Facebook Data Mining using R

Deepanshu Bhalla , ,
In this tutorial, we will see how to extract and analyze facebook data using R. Facebook has crossed more than 1 billion active users.  Facebook has gathered the most extensive data set ever about behavior of human. In R, we can extract data from Facebook and later analyze it. Social media mining is one of the most interesting piece in data science. You can analyze sentiments of an important event by pulling information about the event from Facebook and get insights from data in R.
Extract Facebook Data using R
Step by Step Guide : Extract Data from Facebook

Step I : Facebook Developer Registration

Go to https://developers.facebook.com and register yourself by clicking on Get Started button at the top right of page (See the snapshot below). After it would open a form for registration which you need to fill it to get yourself registered.
Facebook  Developer Registration



Step II : Add a new App

Once you are done with registration as shown in step 1, you need to click on My Apps button (check out the snapshot below). Then select Add a New App from the drop down.

Facebook : My Apps

Then you need to write Display Name of App ID (Type any  name) and select drop down option in Category (Choose Education). press Create App ID button.
Create a new App

Step 3 : Get App ID and App Secret

In this step, we need to note down our App ID and App Secret (Refer the screenshot below).
Fb App ID and App Secret

Step 4 : OAuth Settings

  1. On the left hand side menu, click on Add Product Button
  2. Click on Facebook Login link
  3. Under Settings, make sure YES is selected in Client OAuth Login
  4. Type http://localhost:1410/ in Valid OAuth redirect URIs box
  5. Click on Save Changes button

OAuth redirect URIs

If you don't put information correctly, you would get the following error -
Can't Load URL: The domain of this URL isn't included in the app's domains. To be able to load this URL, add all domains and subdomains of your app to the App Domains field in your app settings. 
Step 5 :  Write R Script

1. Install required packages

Go to R and install Rfacebook and RCurl packages. Run the following code to install them.
install.packages("Rfacebook")
install.packages("RCurl")
The package Rfacebook lets you to access Facebook App via R.

2. Load desired packages

In this step, we will load the above installed packages.
library(Rfacebook)
library(RCurl)
3. Paste your app id and app secret below 
fb_oauth <- fbOAuth(app_id="183xxxxxxxx3748", app_secret="7bfxxxxxxxxcf0",extended_permissions = TRUE)
Press ENTER in R Console or CTRL+ENTER in R Studio.

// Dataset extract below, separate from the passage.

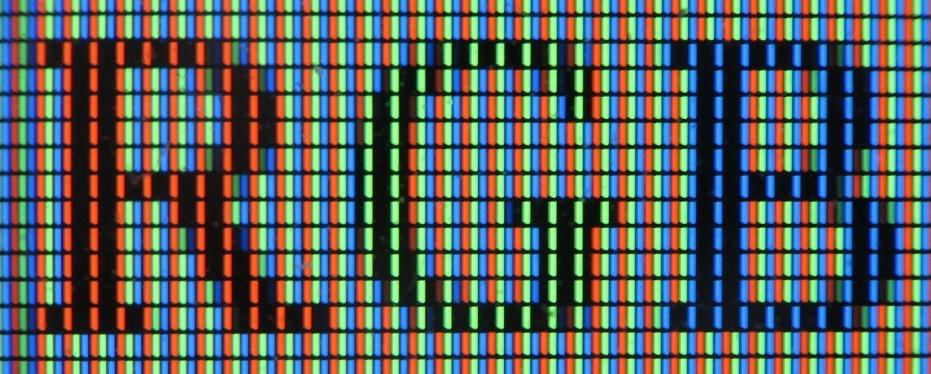 Pixels & Lines One pixel is made of three sub-pixels. Red, green & blue are the primary colors.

It would return the following message -
Copy and paste into Site URL on Facebook App Settings: http://localhost:1410/ 
When done, press any key to continue...
Waiting for authentication in browser...
Press Esc/Ctrl + C to abort

Authentication in Browser

Authentication Status

4. Check your profile account information
me <- getUsers("me",token=fb_oauth, private_info=TRUE)
me$name
[1] "Deepanshu Bhalla"

Fix : Error

Are you getting the error below?
Error in callAPI(query, token) :  An active access token must be used to query information about the current user.
Recently Facebook has made changes in the API which causes error in functions of Rfacebook package. See the method below to correct it.

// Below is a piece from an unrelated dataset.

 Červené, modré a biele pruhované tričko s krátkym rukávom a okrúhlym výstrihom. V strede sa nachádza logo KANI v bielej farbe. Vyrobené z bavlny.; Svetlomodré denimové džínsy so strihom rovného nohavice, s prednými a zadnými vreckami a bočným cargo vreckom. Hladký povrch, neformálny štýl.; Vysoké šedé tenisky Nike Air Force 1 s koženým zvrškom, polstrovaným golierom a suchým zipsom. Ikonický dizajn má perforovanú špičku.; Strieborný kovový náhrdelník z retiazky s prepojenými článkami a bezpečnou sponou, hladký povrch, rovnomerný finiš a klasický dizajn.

Step 1 : Run the following program
fbOAuth <- function(app_id, app_secret, extended_permissions=FALSE, legacy_permissions=FALSE, scope=NULL)
{
  ## getting callback URL
  full_url <- oauth_callback()
  full_url <- gsub("(.*localhost:[0-9]{1,5}/).*", x=full_url, replacement="\\1")
  message <- paste("Copy and paste into Site URL on Facebook App Settings:",
                   full_url, "\nWhen done, press any key to continue...")
  ## prompting user to introduce callback URL in app page
  invisible(readline(message))
  ## a simplified version of the example in httr package
  facebook <- oauth_endpoint(
    authorize = "https://www.facebook.com/dialog/oauth",
    access = "https://graph.facebook.com/oauth/access_token")
  myapp <- oauth_app("facebook", app_id, app_secret)
  if (is.null(scope)) {
    if (extended_permissions==TRUE){
      scope <- c("user_birthday", "user_hometown", "user_location", "user_relationships",
                 "publish_actions","user_status","user_likes")
    }
    else { scope <- c("public_profile", "user_friends")}
 
    if (legacy_permissions==TRUE) {
      scope <- c(scope, "read_stream")
    }
  }

  if (packageVersion('httr') < "1.2"){
    stop("Rfacebook requires httr version 1.2.0 or greater")
  }

  ## with early httr versions
  if (packageVersion('httr') <= "0.2"){
    facebook_token <- oauth2.0_token(facebook, myapp,
                                     scope=scope)
    fb_oauth <- sign_oauth2.0(facebook_token$access_token)
    if (GET("https://graph.facebook.com/me", config=fb_oauth)$status==200){
      message("Authentication successful.")
    }
  }

  ## less early httr versions
  if (packageVersion('httr') > "0.2" & packageVersion('httr') <= "0.6.1"){
    fb_oauth <- oauth2.0_token(facebook, myapp,
                               scope=scope, cache=FALSE)
    if (GET("https://graph.facebook.com/me", config(token=fb_oauth))$status==200){
      message("Authentication successful.")
    }
  }

  ## httr version from 0.6 to 1.1
  if (packageVersion('httr') > "0.6.1" & packageVersion('httr') < "1.2"){
    Sys.setenv("HTTR_SERVER_PORT" = "1410/")
    fb_oauth <- oauth2.0_token(facebook, myapp,
                               scope=scope, cache=FALSE)
    if (GET("https://graph.facebook.com/me", config(token=fb_oauth))$status==200){
      message("Authentication successful.")
    }
  }

  ## httr version after 1.2
  if (packageVersion('httr') >= "1.2"){
    fb_oauth <- oauth2.0_token(facebook, myapp,
                               scope=scope, cache=FALSE)
    if (GET("https://graph.facebook.com/me", config(token=fb_oauth))$status==200){
      message("Authentication successful.")
    }
  }

  ## identifying API version of token
  error <- tryCatch(callAPI('https://graph.facebook.com/pablobarbera', fb_oauth),
                    error = function(e) e)
  if (inherits(error, 'error')){
    class(fb_oauth)[4] <- 'v2'
  }
  if (!inherits(error, 'error')){
    class(fb_oauth)[4] <- 'v1'
  }

  return(fb_oauth)
}

Step 2 :  Run fbOAuth function again

Make sure you put your own app_id and app_secret number before using the code below
fb_oauth <- fbOAuth(app_id="183385******33748", app_secret="7bf18f8********4cf7def77cf0",extended_permissions = TRUE)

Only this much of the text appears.